→ PROMPT: Copying rule for the data below: take the line containing "134 Frank Street - Photo Thumbnail 9" and every line after it to the end, exactly, and drop all pictures.
===== PROVIDED MATERIAL =====
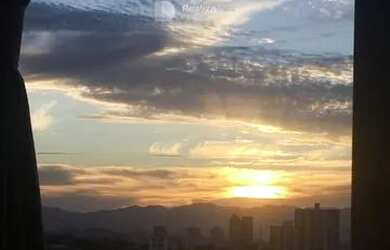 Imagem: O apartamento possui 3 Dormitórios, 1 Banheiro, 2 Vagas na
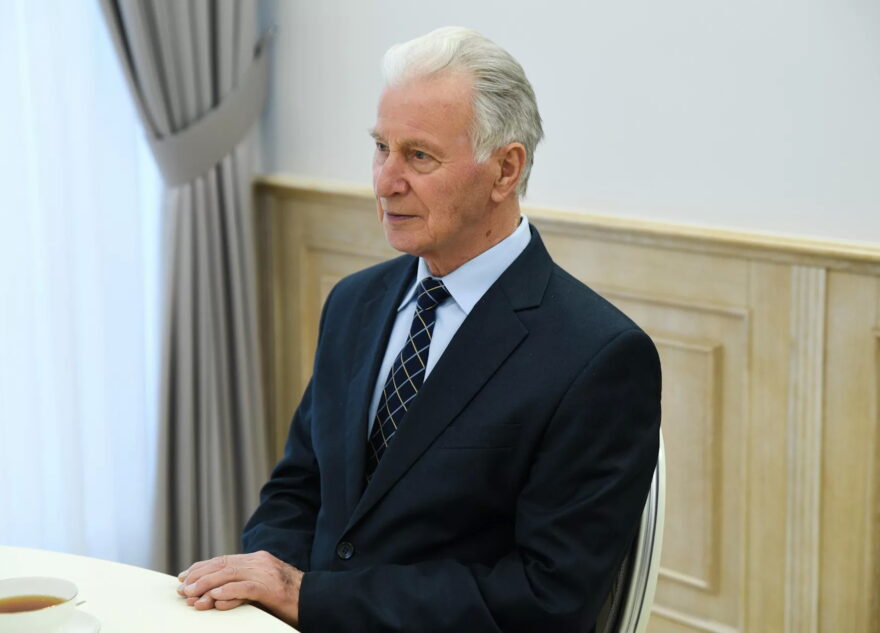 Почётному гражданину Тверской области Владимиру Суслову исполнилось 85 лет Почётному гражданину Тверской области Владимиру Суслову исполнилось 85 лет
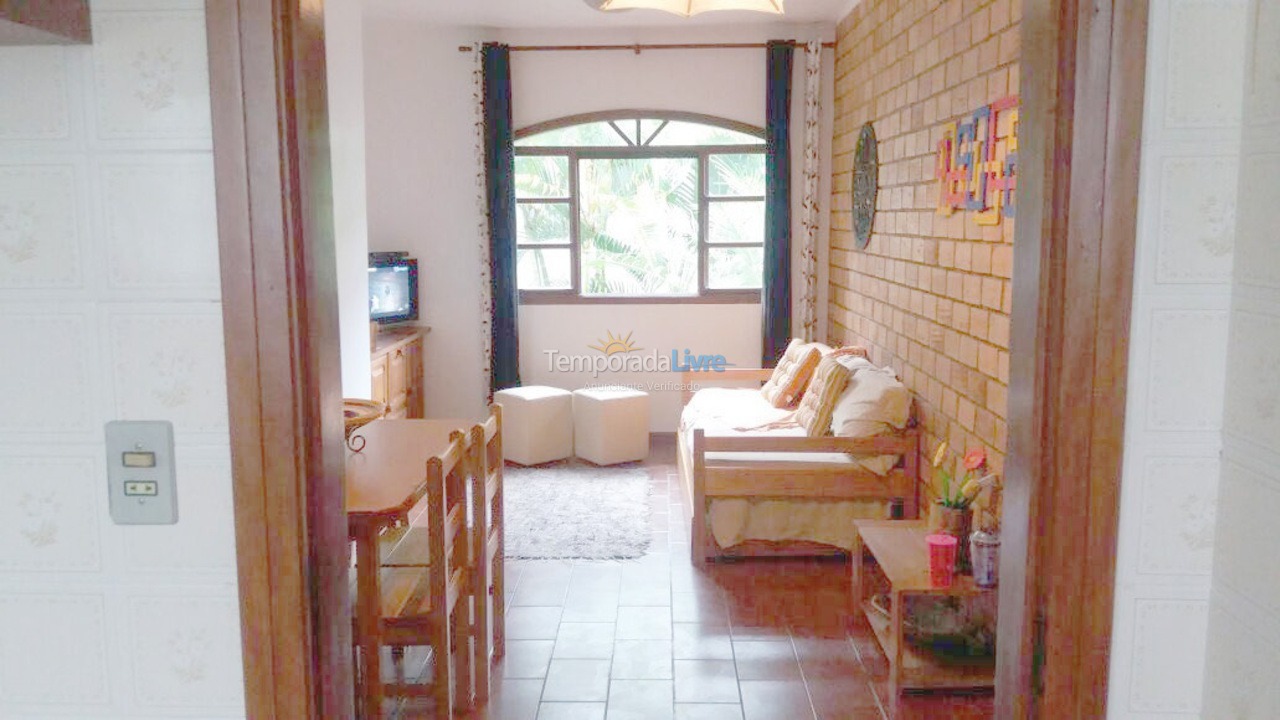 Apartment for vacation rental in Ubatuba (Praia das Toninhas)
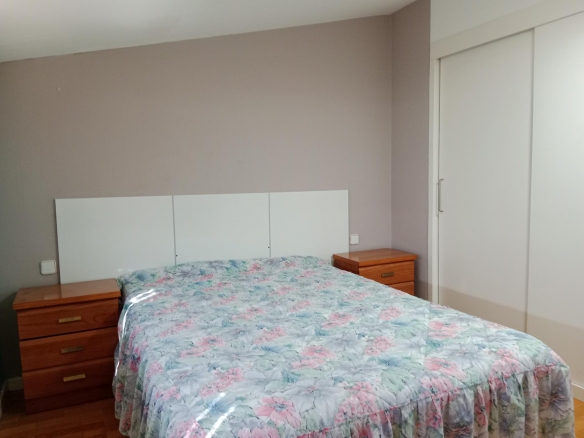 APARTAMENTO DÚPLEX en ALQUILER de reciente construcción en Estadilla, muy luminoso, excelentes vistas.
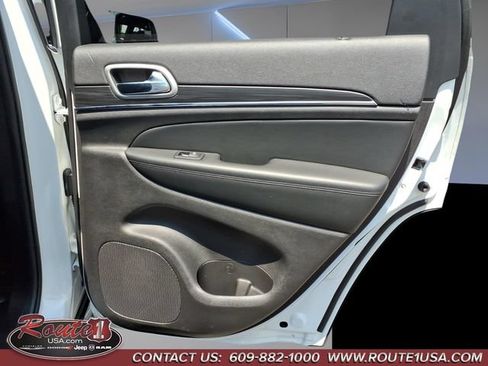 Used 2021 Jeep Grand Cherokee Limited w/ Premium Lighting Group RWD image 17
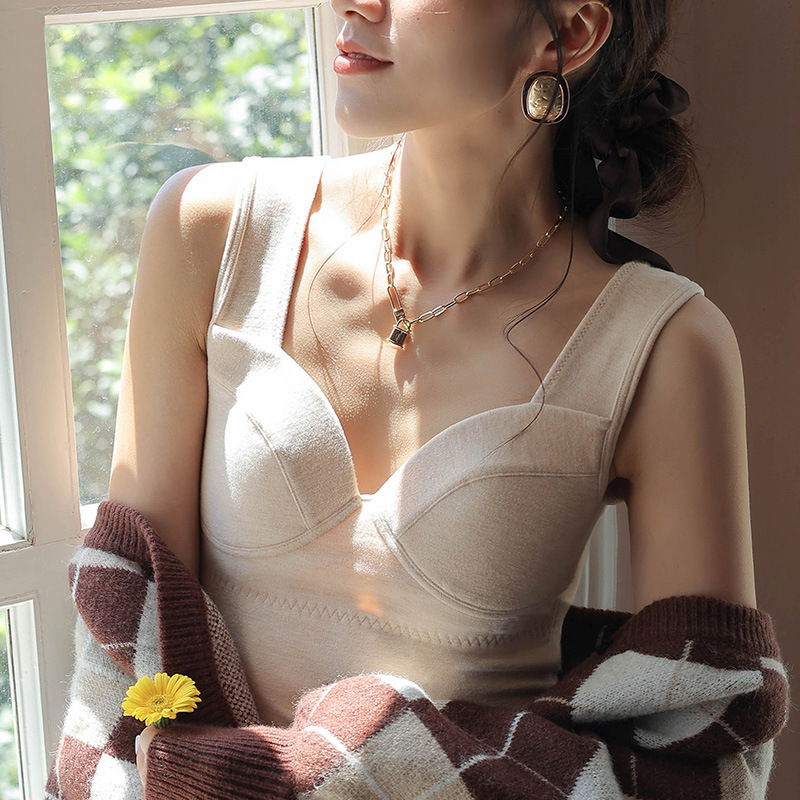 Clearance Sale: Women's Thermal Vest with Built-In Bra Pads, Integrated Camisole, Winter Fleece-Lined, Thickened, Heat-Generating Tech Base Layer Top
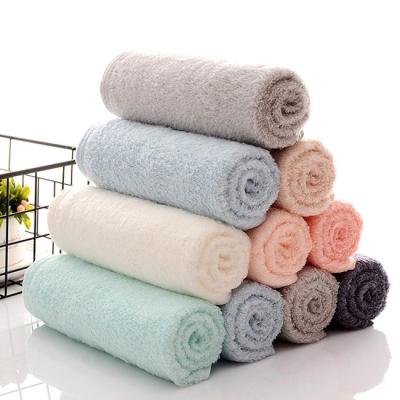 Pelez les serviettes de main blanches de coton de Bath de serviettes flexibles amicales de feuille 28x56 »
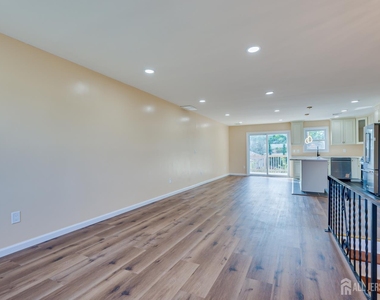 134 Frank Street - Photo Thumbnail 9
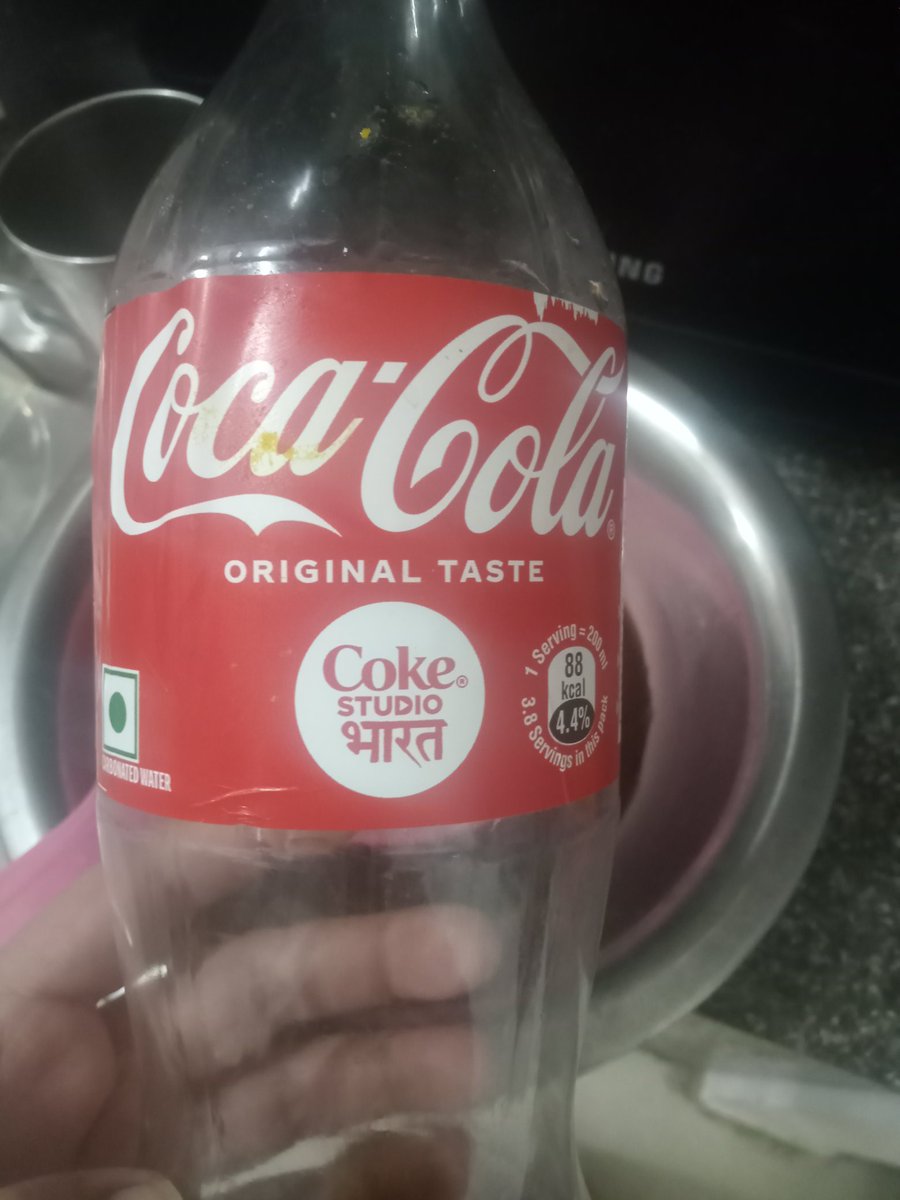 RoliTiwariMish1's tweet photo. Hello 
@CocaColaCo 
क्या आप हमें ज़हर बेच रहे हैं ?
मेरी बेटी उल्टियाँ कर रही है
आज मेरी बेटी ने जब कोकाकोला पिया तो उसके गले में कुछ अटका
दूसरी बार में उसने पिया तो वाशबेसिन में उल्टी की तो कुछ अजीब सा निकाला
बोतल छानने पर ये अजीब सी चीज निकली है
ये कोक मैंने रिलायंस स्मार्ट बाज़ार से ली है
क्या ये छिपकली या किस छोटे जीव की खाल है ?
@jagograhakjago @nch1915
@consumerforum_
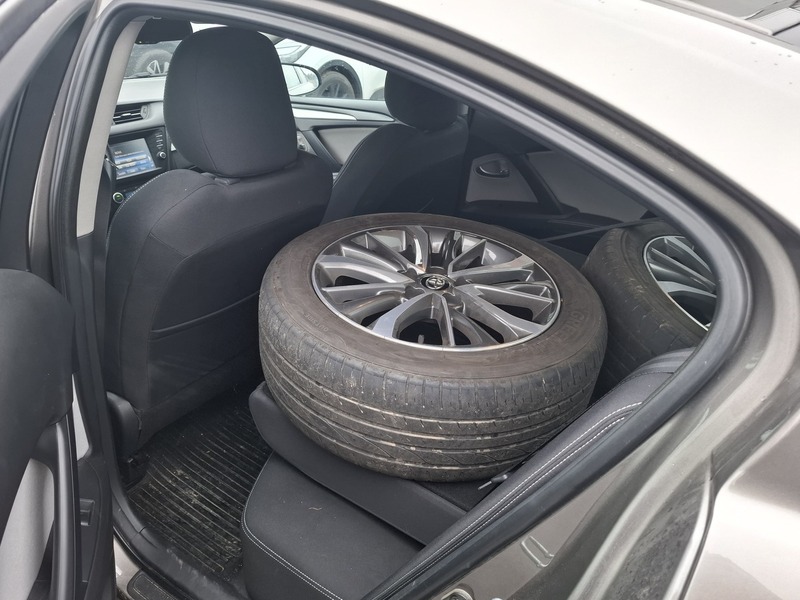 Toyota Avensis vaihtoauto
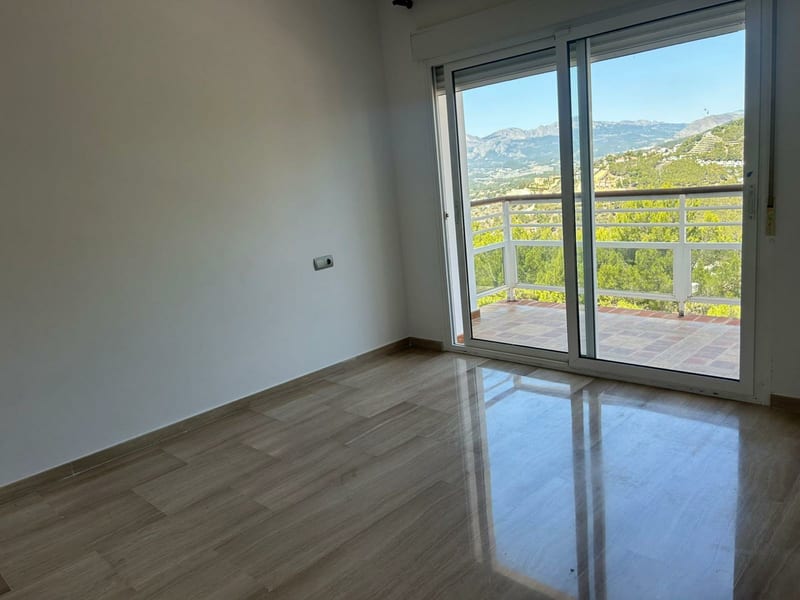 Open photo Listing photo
=====
→ EXERCISE OUTPUT:
 134 Frank Street - Photo Thumbnail 9
 RoliTiwariMish1's tweet photo. Hello 
@CocaColaCo 
क्या आप हमें ज़हर बेच रहे हैं ?
मेरी बेटी उल्टियाँ कर रही है
आज मेरी बेटी ने जब कोकाकोला पिया तो उसके गले में कुछ अटका
दूसरी बार में उसने पिया तो वाशबेसिन में उल्टी की तो कुछ अजीब सा निकाला
बोतल छानने पर ये अजीब सी चीज निकली है
ये कोक मैंने रिलायंस स्मार्ट बाज़ार से ली है
क्या ये छिपकली या किस छोटे जीव की खाल है ?
@jagograhakjago @nch1915
@consumerforum_
 Toyota Avensis vaihtoauto
 Open photo Listing photo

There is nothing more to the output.